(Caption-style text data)
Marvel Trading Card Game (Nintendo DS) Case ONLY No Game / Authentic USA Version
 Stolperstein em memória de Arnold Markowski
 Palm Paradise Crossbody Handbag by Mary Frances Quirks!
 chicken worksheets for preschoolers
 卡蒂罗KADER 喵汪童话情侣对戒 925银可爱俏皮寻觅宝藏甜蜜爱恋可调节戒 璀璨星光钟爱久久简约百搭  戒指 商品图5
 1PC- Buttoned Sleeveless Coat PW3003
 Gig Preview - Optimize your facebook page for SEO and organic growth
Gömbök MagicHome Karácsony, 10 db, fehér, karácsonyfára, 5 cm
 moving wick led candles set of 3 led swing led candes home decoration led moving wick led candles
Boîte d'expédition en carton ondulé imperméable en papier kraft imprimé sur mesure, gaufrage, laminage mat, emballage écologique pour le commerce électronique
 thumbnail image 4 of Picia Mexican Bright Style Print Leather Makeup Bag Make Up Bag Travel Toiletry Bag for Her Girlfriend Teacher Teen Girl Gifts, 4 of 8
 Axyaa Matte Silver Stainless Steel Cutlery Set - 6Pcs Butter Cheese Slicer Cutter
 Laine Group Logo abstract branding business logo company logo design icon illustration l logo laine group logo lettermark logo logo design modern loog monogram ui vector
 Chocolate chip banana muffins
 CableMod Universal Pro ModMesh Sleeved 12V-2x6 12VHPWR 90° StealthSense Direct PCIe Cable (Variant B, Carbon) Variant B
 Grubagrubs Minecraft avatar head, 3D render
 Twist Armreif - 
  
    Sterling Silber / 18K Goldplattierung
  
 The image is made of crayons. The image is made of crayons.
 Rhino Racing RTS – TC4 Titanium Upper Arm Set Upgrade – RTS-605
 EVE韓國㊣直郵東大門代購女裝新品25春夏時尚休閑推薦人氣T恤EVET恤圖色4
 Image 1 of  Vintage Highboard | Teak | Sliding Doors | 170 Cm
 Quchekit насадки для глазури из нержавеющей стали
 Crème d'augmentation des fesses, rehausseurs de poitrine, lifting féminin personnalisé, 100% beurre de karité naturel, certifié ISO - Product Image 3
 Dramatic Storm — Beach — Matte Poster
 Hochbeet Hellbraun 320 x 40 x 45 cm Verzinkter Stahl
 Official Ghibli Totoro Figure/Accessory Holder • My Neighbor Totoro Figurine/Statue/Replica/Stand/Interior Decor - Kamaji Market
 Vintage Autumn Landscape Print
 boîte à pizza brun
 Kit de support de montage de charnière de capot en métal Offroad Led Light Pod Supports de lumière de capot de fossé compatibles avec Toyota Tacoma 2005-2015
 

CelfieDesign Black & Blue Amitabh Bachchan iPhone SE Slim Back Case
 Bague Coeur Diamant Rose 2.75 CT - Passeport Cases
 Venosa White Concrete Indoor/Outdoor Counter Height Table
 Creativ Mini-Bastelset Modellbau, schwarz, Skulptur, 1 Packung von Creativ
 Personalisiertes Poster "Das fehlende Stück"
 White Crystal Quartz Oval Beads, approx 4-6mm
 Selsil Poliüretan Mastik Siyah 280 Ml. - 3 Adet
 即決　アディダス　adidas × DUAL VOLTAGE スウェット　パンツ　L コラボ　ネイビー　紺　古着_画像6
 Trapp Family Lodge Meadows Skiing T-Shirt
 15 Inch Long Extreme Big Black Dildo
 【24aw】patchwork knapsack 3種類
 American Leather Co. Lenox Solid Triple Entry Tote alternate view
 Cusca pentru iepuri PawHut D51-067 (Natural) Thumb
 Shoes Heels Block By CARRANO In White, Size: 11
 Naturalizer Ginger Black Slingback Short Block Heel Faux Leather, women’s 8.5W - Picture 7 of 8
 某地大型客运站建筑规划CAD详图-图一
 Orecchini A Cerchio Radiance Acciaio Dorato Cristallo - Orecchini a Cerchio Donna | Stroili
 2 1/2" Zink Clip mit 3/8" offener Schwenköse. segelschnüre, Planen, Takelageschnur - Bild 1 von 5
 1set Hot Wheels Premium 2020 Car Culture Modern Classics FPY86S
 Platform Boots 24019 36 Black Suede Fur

> **TASK DIRECTIONS**
The lines from the beginning of the records through the line containing "Dramatic Storm — Beach — Matte Poster" should be reproduced exactly. Include nothing else.

> **RESPONSE BOX**
Marvel Trading Card Game (Nintendo DS) Case ONLY No Game / Authentic USA Version
 Stolperstein em memória de Arnold Markowski
 Palm Paradise Crossbody Handbag by Mary Frances Quirks!
 chicken worksheets for preschoolers
 卡蒂罗KADER 喵汪童话情侣对戒 925银可爱俏皮寻觅宝藏甜蜜爱恋可调节戒 璀璨星光钟爱久久简约百搭  戒指 商品图5
 1PC- Buttoned Sleeveless Coat PW3003
 Gig Preview - Optimize your facebook page for SEO and organic growth
Gömbök MagicHome Karácsony, 10 db, fehér, karácsonyfára, 5 cm
 moving wick led candles set of 3 led swing led candes home decoration led moving wick led candles
Boîte d'expédition en carton ondulé imperméable en papier kraft imprimé sur mesure, gaufrage, laminage mat, emballage écologique pour le commerce électronique
 thumbnail image 4 of Picia Mexican Bright Style Print Leather Makeup Bag Make Up Bag Travel Toiletry Bag for Her Girlfriend Teacher Teen Girl Gifts, 4 of 8
 Axyaa Matte Silver Stainless Steel Cutlery Set - 6Pcs Butter Cheese Slicer Cutter
 Laine Group Logo abstract branding business logo company logo design icon illustration l logo laine group logo lettermark logo logo design modern loog monogram ui vector
 Chocolate chip banana muffins
 CableMod Universal Pro ModMesh Sleeved 12V-2x6 12VHPWR 90° StealthSense Direct PCIe Cable (Variant B, Carbon) Variant B
 Grubagrubs Minecraft avatar head, 3D render
 Twist Armreif - 
  
    Sterling Silber / 18K Goldplattierung
  
 The image is made of crayons. The image is made of crayons.
 Rhino Racing RTS – TC4 Titanium Upper Arm Set Upgrade – RTS-605
 EVE韓國㊣直郵東大門代購女裝新品25春夏時尚休閑推薦人氣T恤EVET恤圖色4
 Image 1 of  Vintage Highboard | Teak | Sliding Doors | 170 Cm
 Quchekit насадки для глазури из нержавеющей стали
 Crème d'augmentation des fesses, rehausseurs de poitrine, lifting féminin personnalisé, 100% beurre de karité naturel, certifié ISO - Product Image 3
 Dramatic Storm — Beach — Matte Poster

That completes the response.